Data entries
____________________

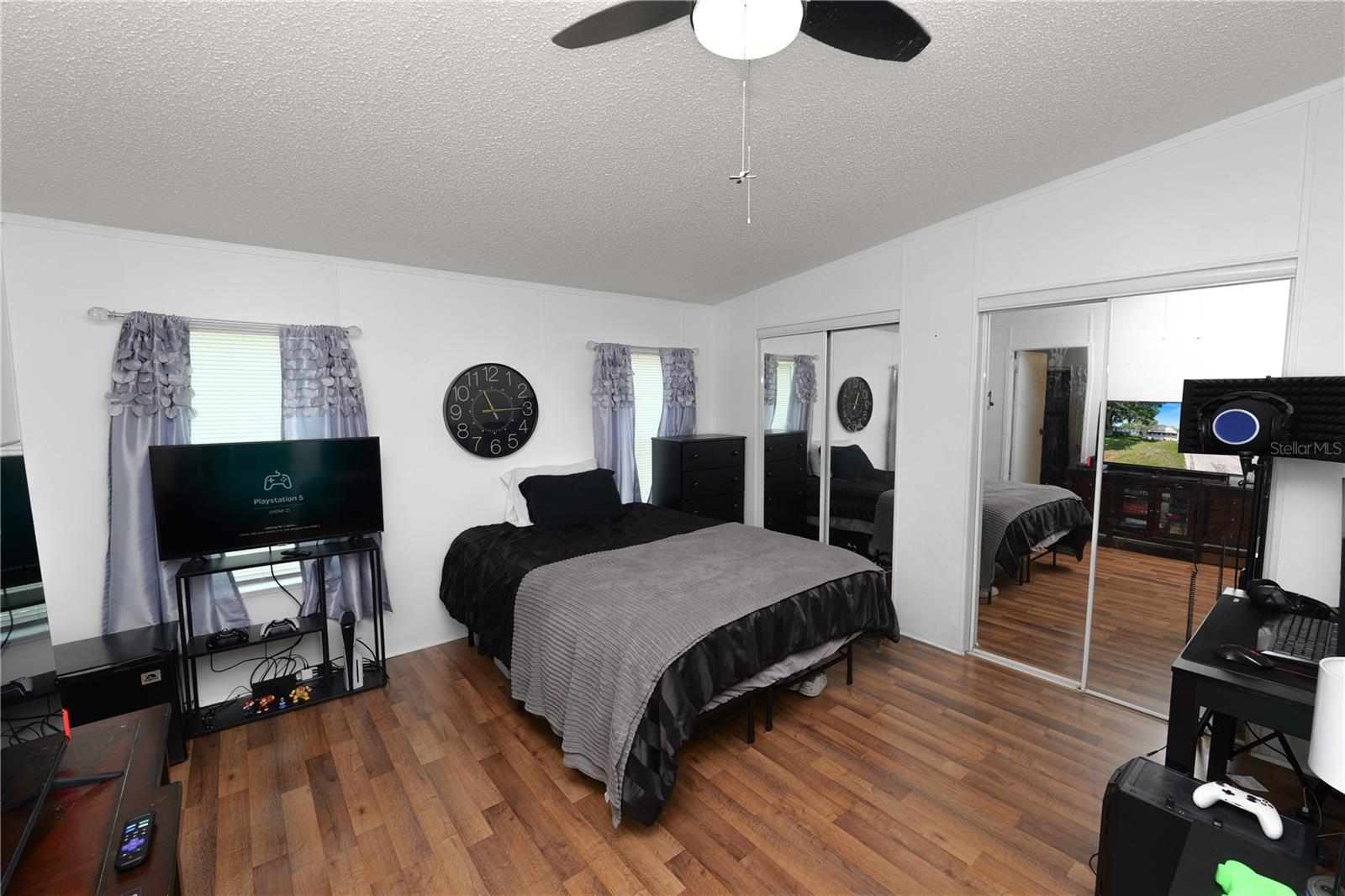 Image 19 of 30 For 431 Oak Ridge Road W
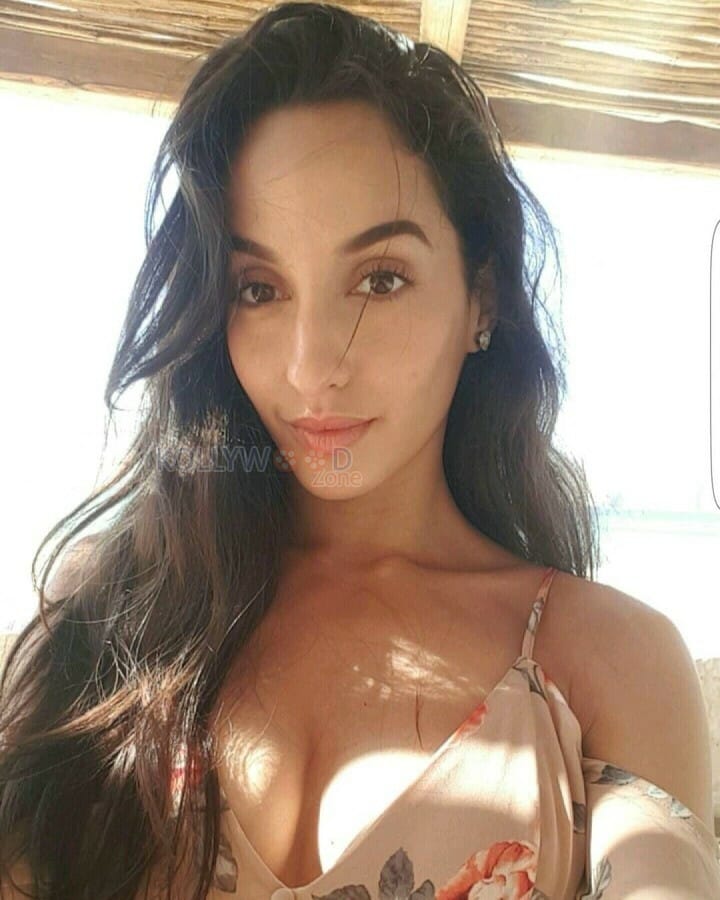 Canadian Model And Actress Nora Fatehi Photos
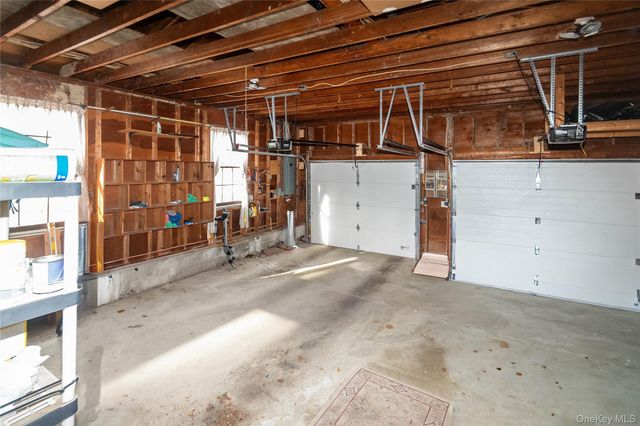 9 Brook Place, Wappingers Falls, NY 12590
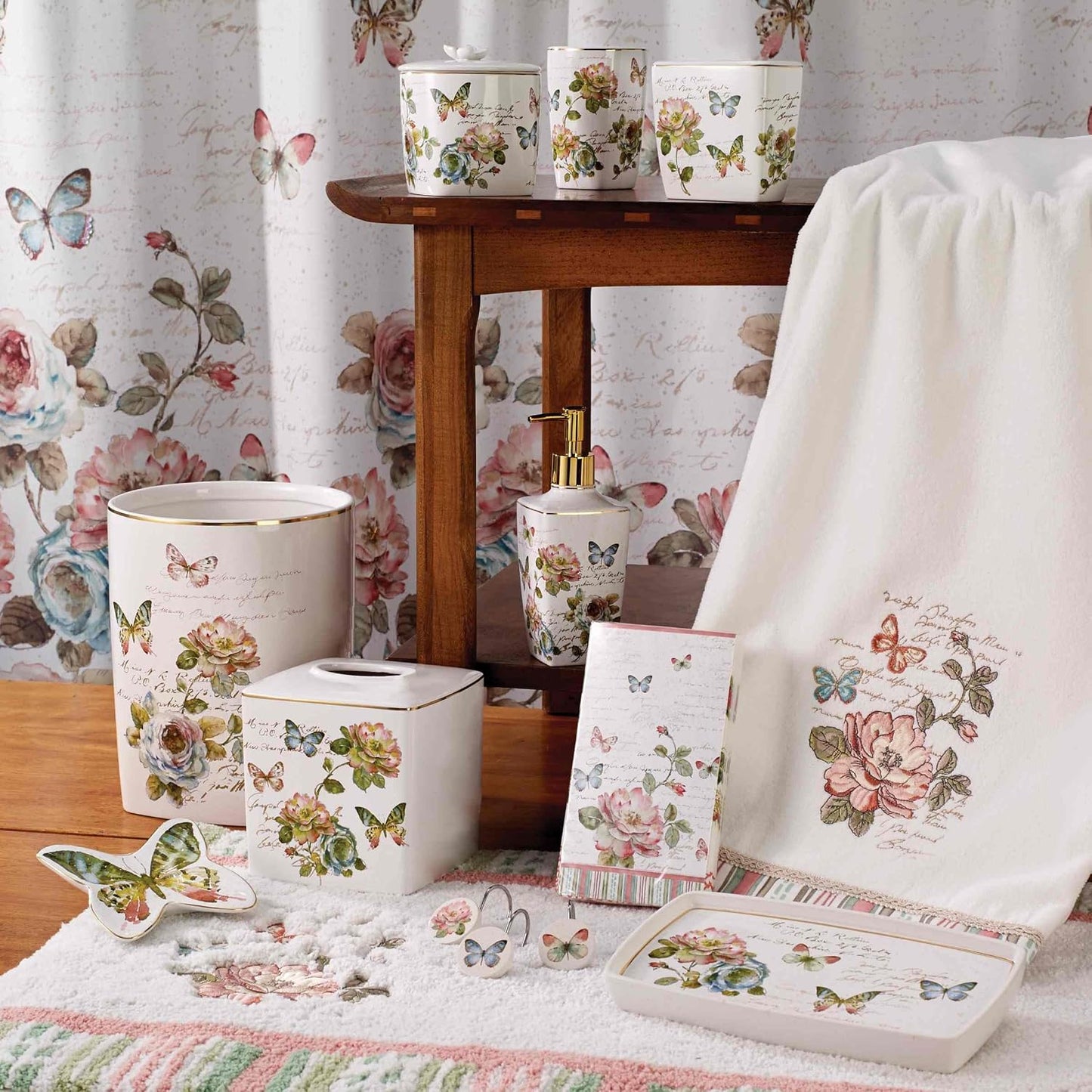 Floral Home Decor / Tissue Box Cover / White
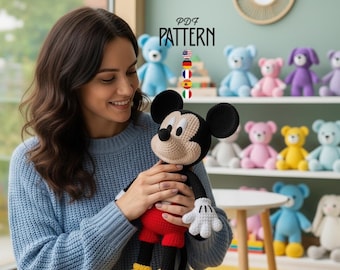 Patrón clásico de ratón de dibujos animados a crochet, tutorial de peluche amigurumi con pantalones cortos rojos, regalo icónico hecho a mano en PDF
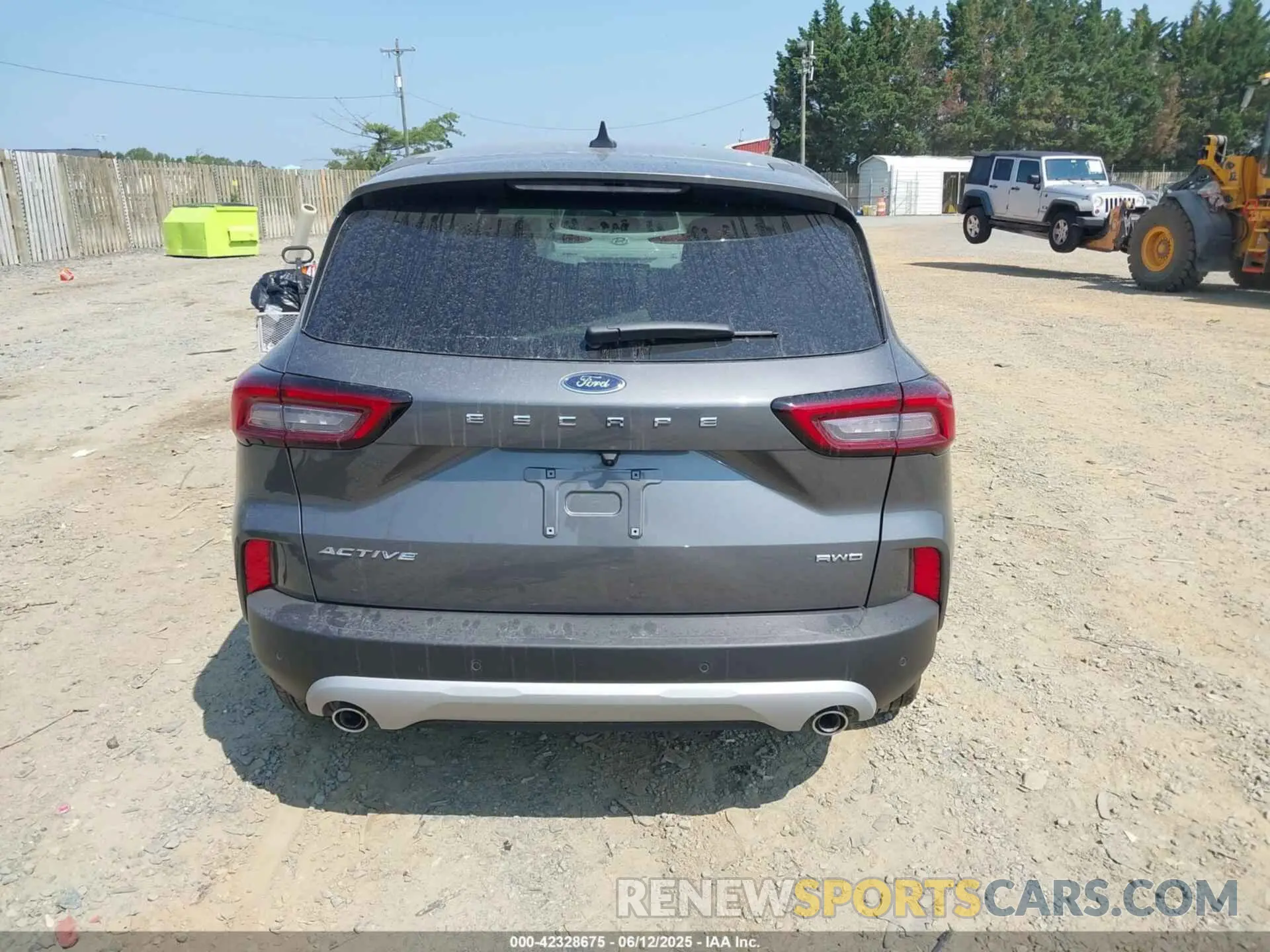 17 Photograph of a damaged car 1FMCU9GN0RUB39361 FORD ESCAPE 2024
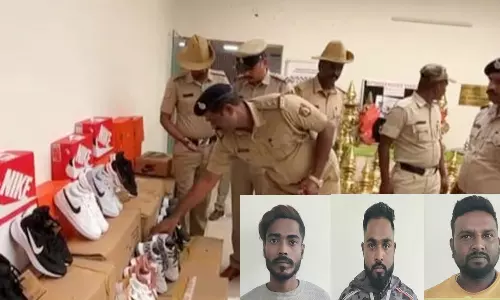 ரூ.1.10 கோடி மதிப்புள்ள ஷூக்களை கடத்திய 3 பேர் கைது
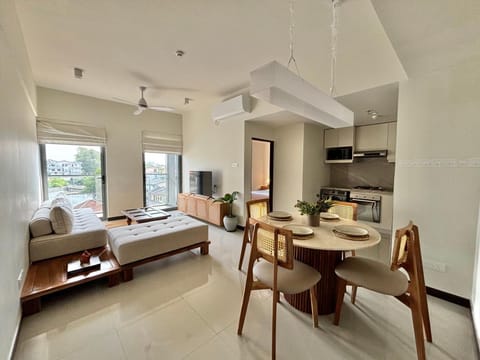 Kitchen or kitchenette, Living room, Seating area, Dining area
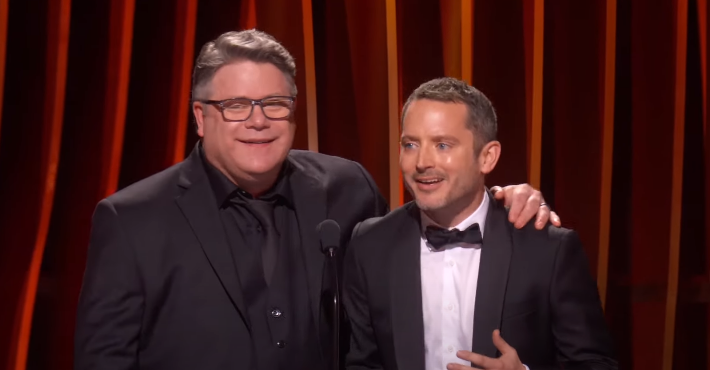 Frodó és Samu újra együtt, közösen állt színpadra A Gyűrűk Ura két sztárja (videó) Frodó és Samu újra együtt, közösen állt színpadra A Gyűrűk Ura két sztárja (videó)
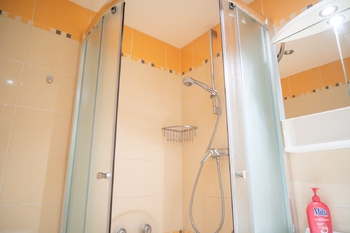 Prodej bytu 2+1 v osobním vlastnictví 63 m², Hradec Králové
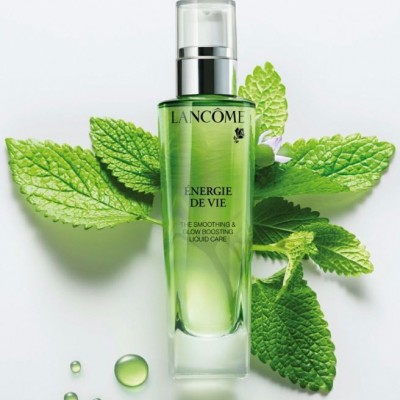 LANCOME Energie de Vie The Smoothing & Glow Boosting Liquid Care 50ml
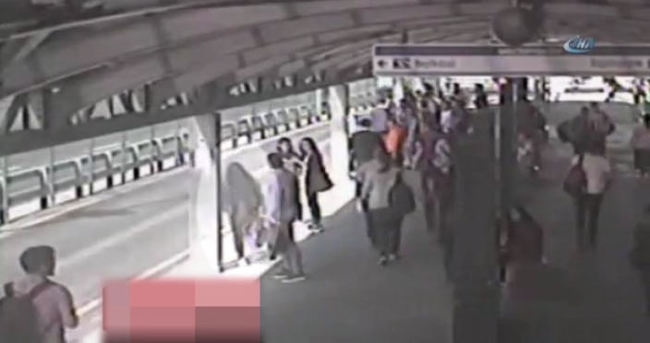 Metrobüs yoluna düşen kadının kamera görüntüsü yayınlandı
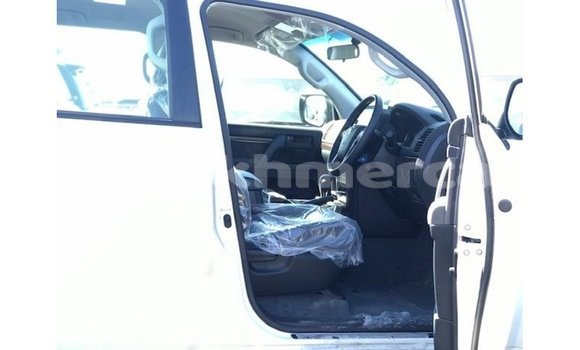 ទិញ នាំចូល Toyota Land Cruiser White ឡាន} ក្នុង Import - Dubai ក្នុង Kampot Province ទិញ នាំចូល Toyota Land Cruiser White ឡាន} ក្នុង Import - Dubai ក្នុង Kampot Province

____________________

Prompt »
Please retype exactly the lines from the line containing "Metrobüs yoluna düşen" through the final line of the records above, inclusive, leaving out any pictures.

Expected answer »
 Metrobüs yoluna düşen kadının kamera görüntüsü yayınlandı
 ទិញ នាំចូល Toyota Land Cruiser White ឡាន} ក្នុង Import - Dubai ក្នុង Kampot Province ទិញ នាំចូល Toyota Land Cruiser White ឡាន} ក្នុង Import - Dubai ក្នុង Kampot Province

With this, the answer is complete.